Any Chicagoan who thought the election of America’s first black president would inspire black opinion leaders to come up with something new to say probably had a miserable time last weekend. Especially if they were listening to Michael Eric Dyson.
“We must have prophets who tell the truth,” Dyson preached in Chicago on Saturday. “And we are here to do that!” A half-capacity audience clapped lightly.
The highly quotable Georgetown professor didn’t seem particularly concerned by the tepid response, but PBS host Tavis Smiley was perturbed. He had flown Dyson, Cornel West, Louis Farrakhan, Jesse Jackson and others to the South Side to discuss the “black agenda” — and whether Barack Obama even has one — and CSPAN had shut them out, rescinding its promise to broadcast the event and instead covering the House debate of the president’s health plan.
“We Count! The Black Agenda is the American Agenda” was thick with Nation of Islam members in suits and bow ties herding conference attendees, separated by gender, through metal detectors.

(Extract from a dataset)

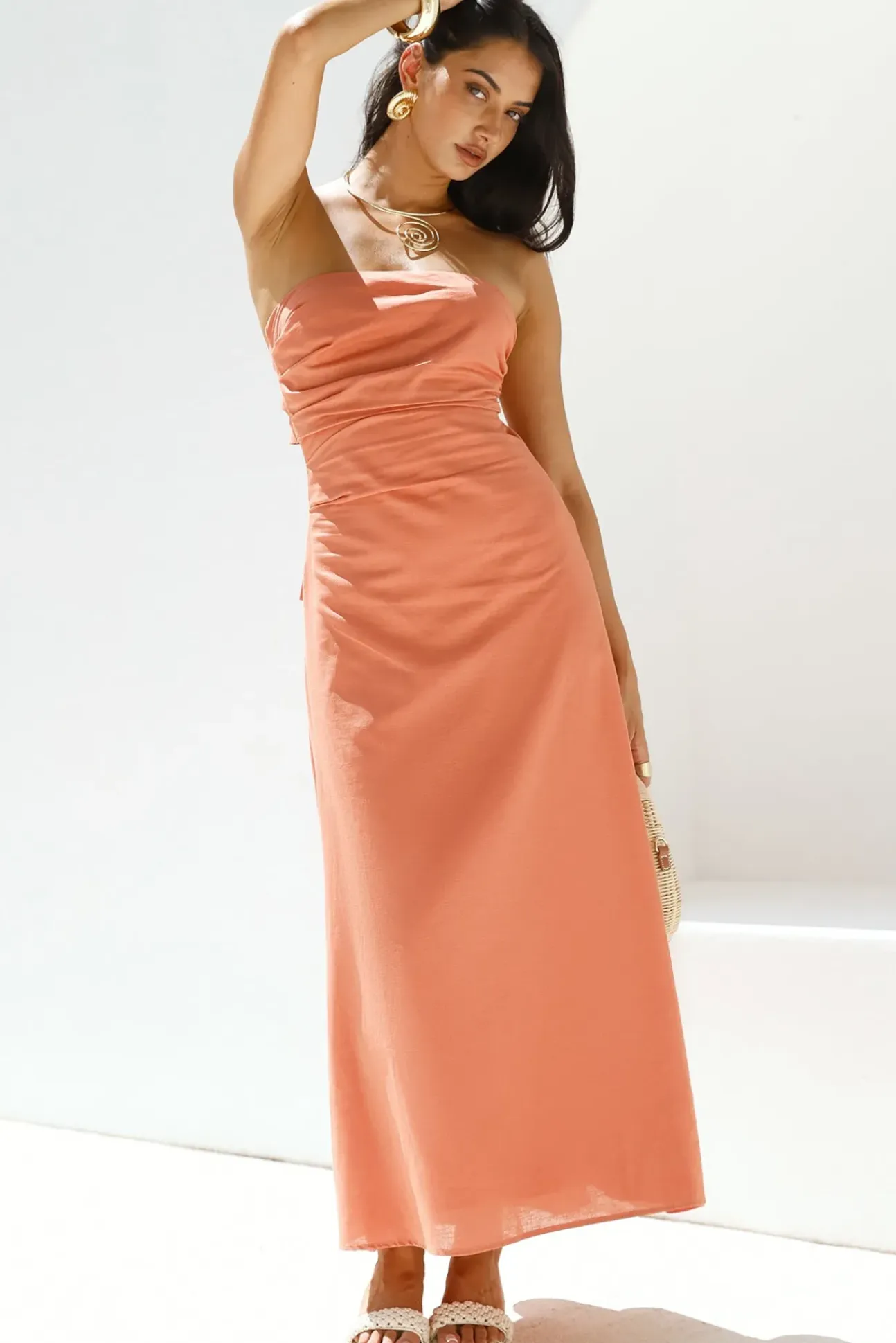 Yasmin Strapless Maxi Dress Coral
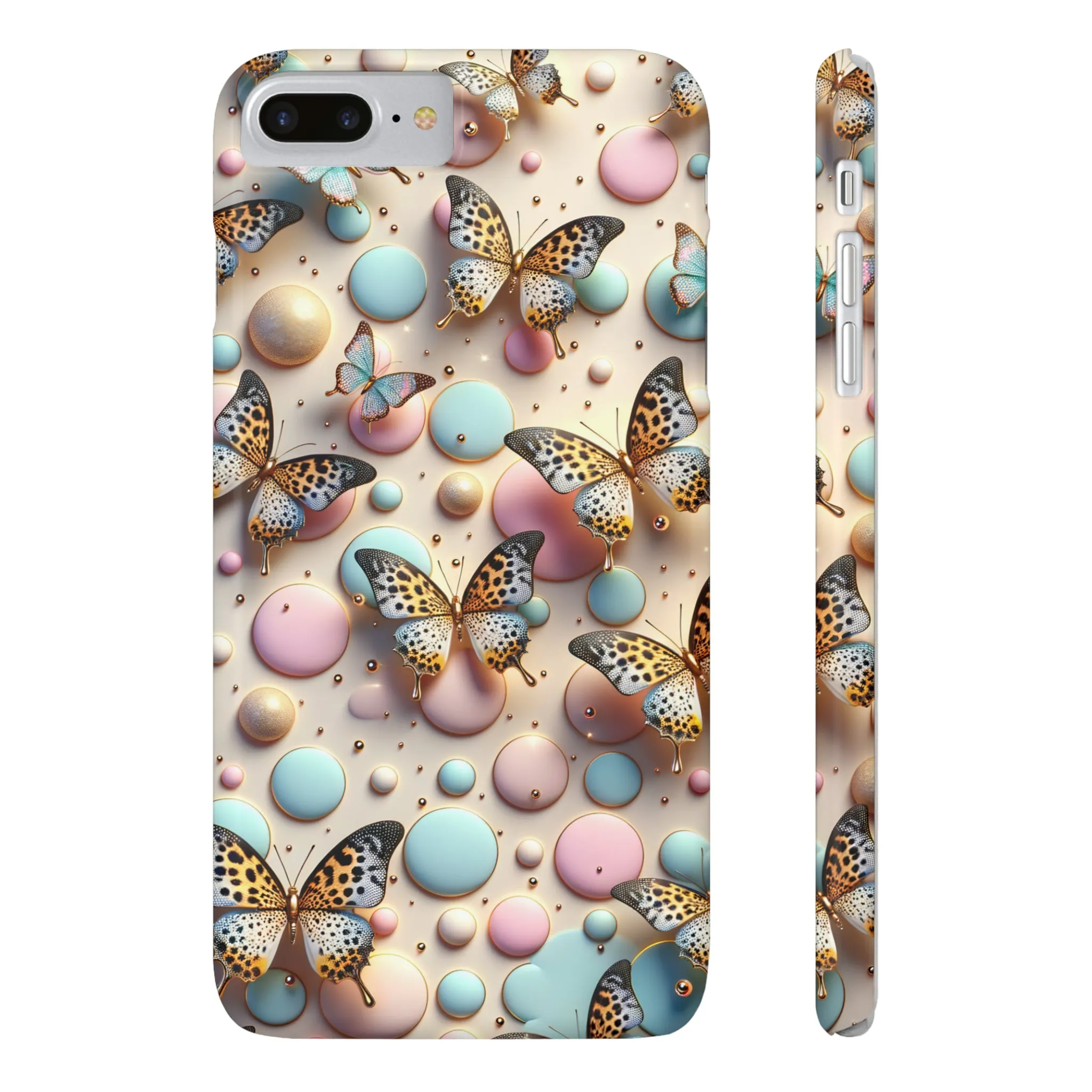 Butterflies and Polka Dots Design Sleek Elegance Wireless-Charging Compatible Phone Case Slim Phone Case compatible with over 20 iphone models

The only other white person in my line tried (and failed) to entice a young Rastafarian to join the Green Party, even though documentary filmmaker and writer LeAlan Marvin Jones is running for Obama’s Illinois Senate seat as a Green, and 9/11 Truther and former Georgia Rep. Cynthia McKinney ran for president as a Green in 2008. Census workers handing out goodie bags had better luck — and Chicago State University president Wayne Watson, in his opening remarks, encouraged “everyone to complete the Census form to be counted so that these critical dollars can be used most effectively to benefit the communities and programs that need them the most.”
Following Watson’s introduction and a prayer by a Catholic priest, Smiley asked his panelists, “Is there a need for a black agenda?” And is it “reductionist” and “exclusionary”?
“We are not un-American,” answered Dyson. “We are Ultra American,” and America must “look beyond the reality of racism, not race.”
Obama “is not the president of black America, he’s the president of all America,” Smiley said, reiterating that his sentiments were “rooted in love.” He earlier had placed a large, white cube bearing the word “love” on the panelists’ table to remind them of that. But they seemed to wonder whether Obama was reciprocating.
“I am glad that Barack Obama is president of all America, but black people helped make you president of all America!” West, whose enthusiastic jogging-and-bowing entrance had impressed the crowd, said.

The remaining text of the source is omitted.